Willy Street businesses hope for peaceful reaction to DA’s decision

City seeks to declare landlord of ‘substandard’ properties as ‘nuisance’
House on Williamson Street where Tony Robinson was killed

Businesses along Williamson Street are looking at the history of peaceful demonstrations in gauging how the community will react to District Attorney Ismael Ozanne’s decision to not criminally charge Officer Matt Kenny, who shot and killed Tony Robinson March 6.

“I think just try to be as peaceful as possible,” said Patsy Aleman, who lives and works on Willy Street. “If we see something’s going on just try to keep calm.”

Leading up to Ozanne’s decision, Aleman’s boss is keeping the El Sabor de Puebla Mexican Restaurant, which sits just two doors down from the home where Robinson was killed, open Tuesday.
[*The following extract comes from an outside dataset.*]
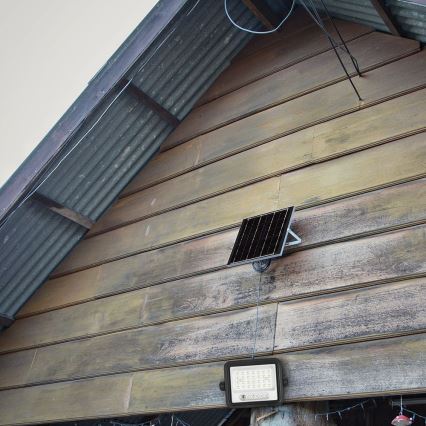 LED-dæmpbar solcelleprojektør LED/50W/3,2V 2000-8000K IP65 3800 mAh sort + fjernbetjening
They’ll be waiting to see how people react.

“I don’t blame them for the anger. I know how emotional and sad of losing someone,” Aleman said. “Just as best as possible as we can, I know it’s a very hard issue, but just try to keep calm.”
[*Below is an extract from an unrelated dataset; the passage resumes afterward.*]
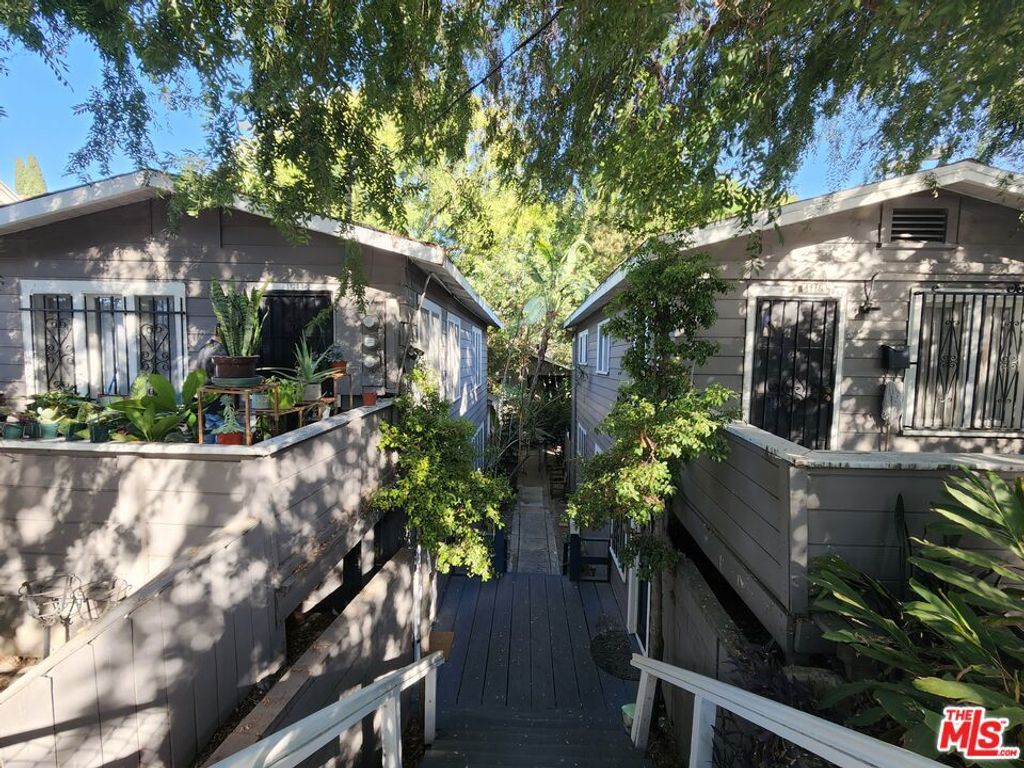 Photo of 1118 Sanborn Avenue, Los Angeles, CA 90029 (MLS # 25609069)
Across the street, Spirit Gas Station attendant Vijay Atalia, who was there the night of the shooting, does not worry about Tuesday because protesting has always been peaceful.

“No. We don’t have any problem in the store actually,” Atalia said.
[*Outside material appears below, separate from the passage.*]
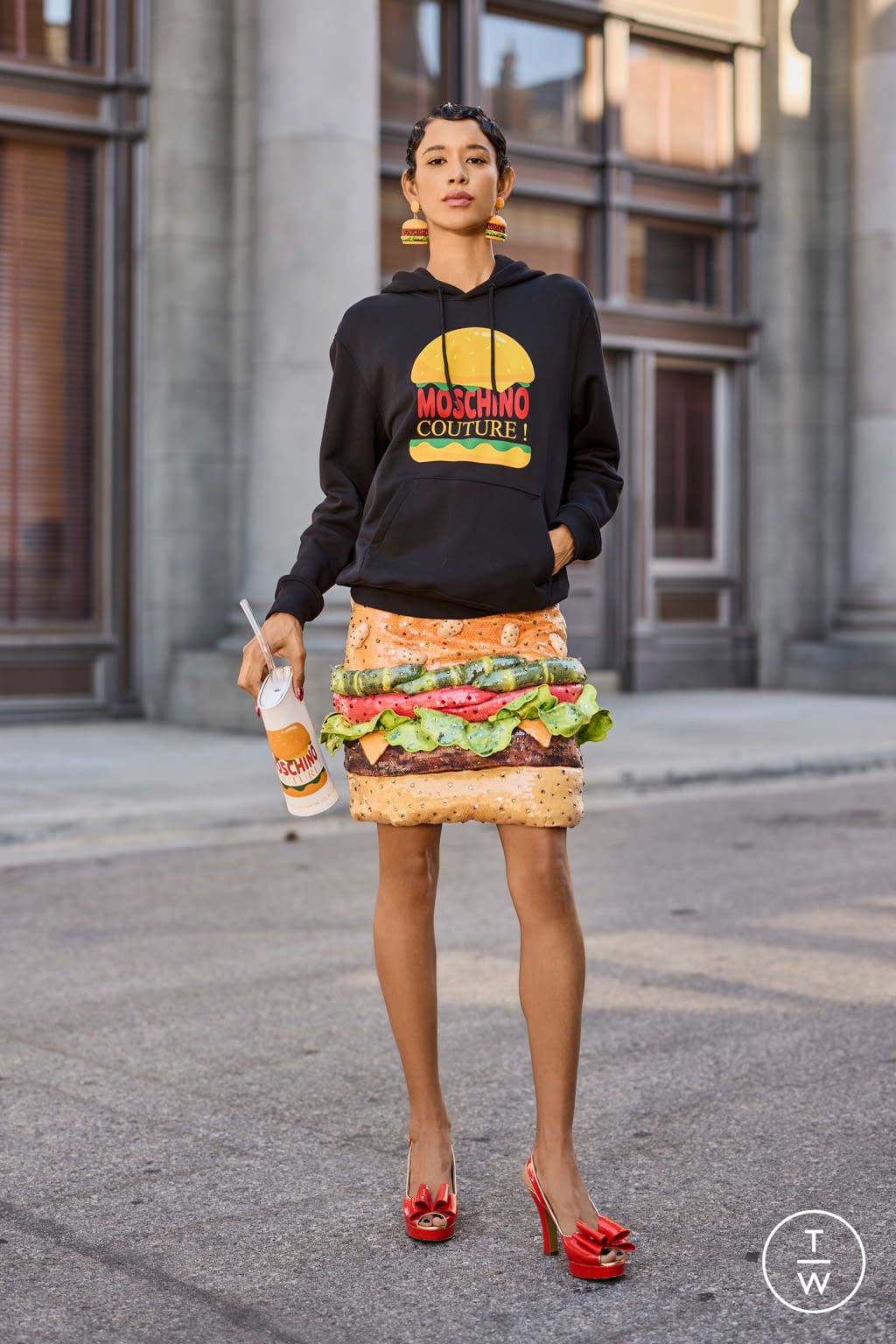 Fashion Week Milan Resort 2022 look 2 from the Moschino collection womenswear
Peace was the universal theme from city leaders.

“I hope no one wants to do something different with our city,” Supervisor Shelia Stubbs said. “Because it is a beautiful city. Let’s be peaceful. Let’s respect the Robinson family.”

Robinson’s family has planned a 4 p.m. news conference at the Social Justice Center, which is just down the street from the home where he died. The news conference will be after a meeting with Ozanne after he releases his decision.

After their news conference, Robinson’s family plans to march with supporters to the Capitol.

Willy Street Coop Communications Director Brendon Smith said because of traffic problems anticipated from a planned Wednesday march, the Willy Street location will be closed that day.